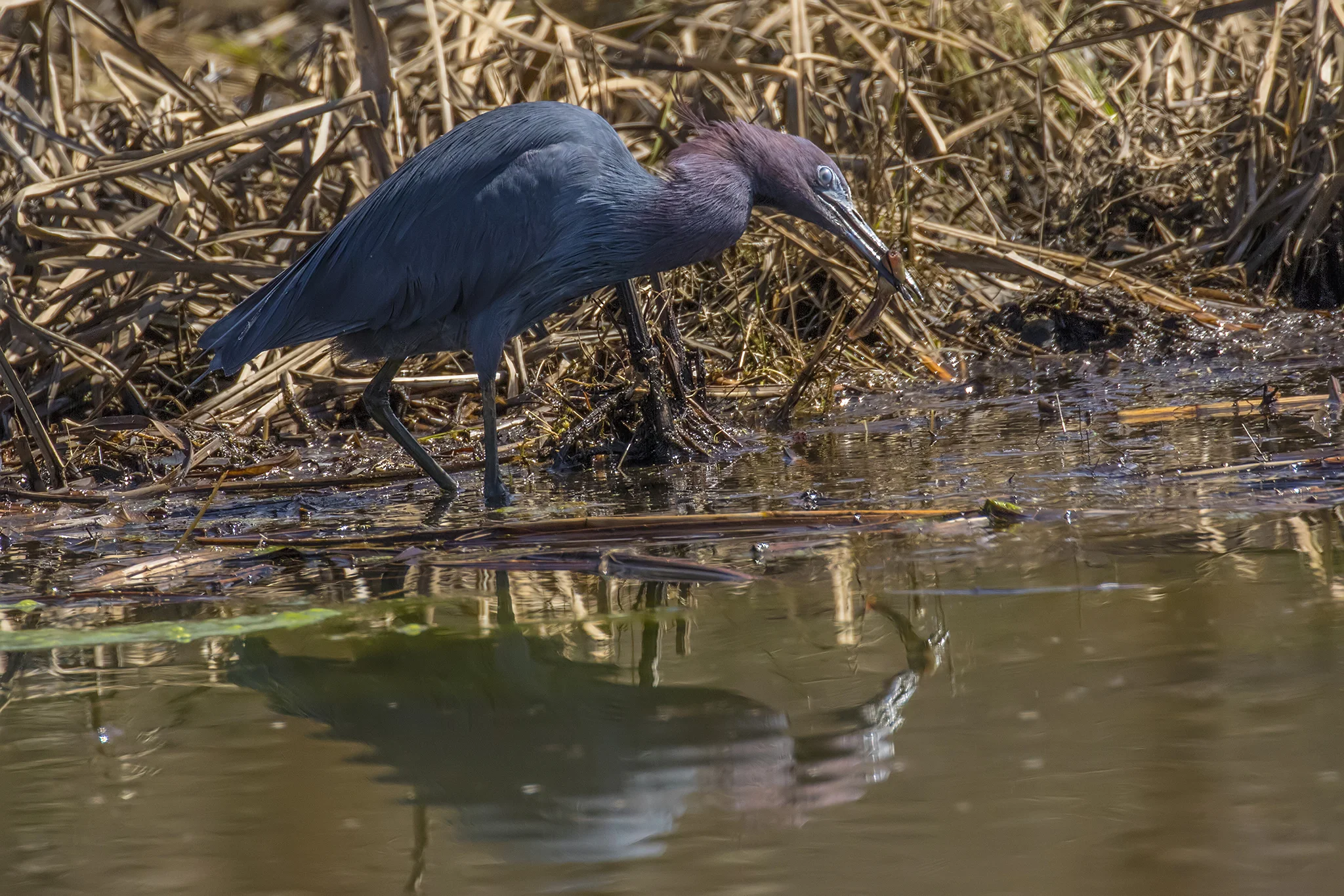 Little Blue Heron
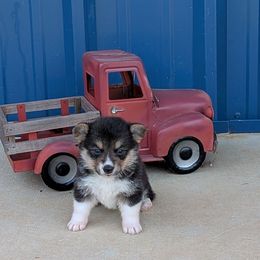 Mercedes - Black and tan male American Corgi puppy in Lufkin, Texas from Texas Lil Cowdogs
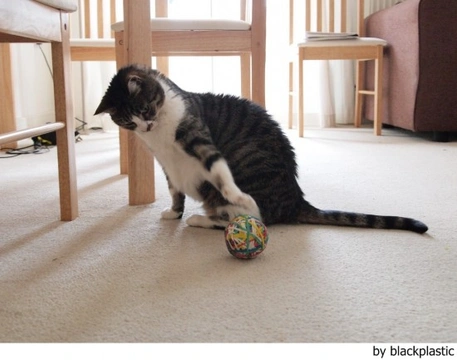 Juegos con el gato que causan problemas de comportamiento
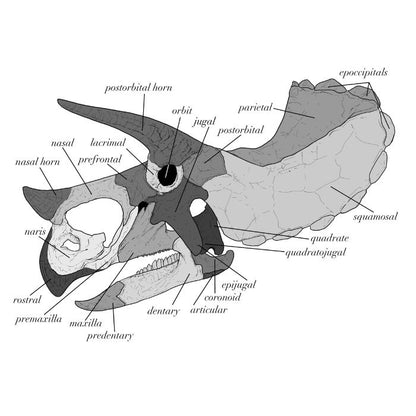Triceratops Skull Anatomy. Dinosaur Skull.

**What is expected**:
Transcribe the whole of the data exactly, minus any pictures.

**Response to this task**:
 Little Blue Heron
 Mercedes - Black and tan male American Corgi puppy in Lufkin, Texas from Texas Lil Cowdogs
 Juegos con el gato que causan problemas de comportamiento
Triceratops Skull Anatomy. Dinosaur Skull.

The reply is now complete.